# Who rides Moto around this place? Lets see some pics of you throwing down?



## MircalGrow (Aug 21, 2013)

As the title says, where are all the Moto, woods, trail riders at? Anything with two wheels and in the dirt! Lets see some pics of us fellow Moto heads throwing down big nasty whips (trying at least) and raiiling ruts! 
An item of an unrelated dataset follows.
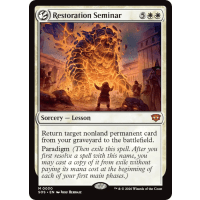 Restoration Seminar - Secrets of Strixhaven Thumb Nail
[video=youtube_share;DIzinPJAqpk]http://youtu.be/DIzinPJAqpk[/video]


----------



## pghdave420 (Aug 21, 2013)

back in my days of racing 05-07 .i still ride i got the same quad its a 2005 450r.and i got my 2001 wr 426 thing wont die lol


----------



## MircalGrow (Aug 22, 2013)

Lol! The yamaha's heads are very dependable. Four wheelers scare me always pitching side to side in ruts. Lol That pic of the crash on the star sucked.


----------



## RPM371 (Sep 1, 2013)

I used to ride 250cc class motocross, but all the kinescopes were lost in a fire.


----------



## Greenwhilley (Sep 1, 2013)

I go from moto or enduro to road every 12 or so months. When I can afford it ill have both.
this is my current toy.


----------



## ricky1lung (Sep 1, 2013)

I ice raced on a road course, riding different bikes in different classes. Yz426, Yz250f and an old dog Dt400.


----------



## BuzzD2Kill (Sep 1, 2013)

http://www.youtube.com/watch?v=VZSAfP8I6HE&feature=c4-overview&list=UUa6UBMKgcn9g4bziqLFVezA


----------



## BuzzD2Kill (Jul 29, 2014)

Six year old son grinding it up in the hot sun.


----------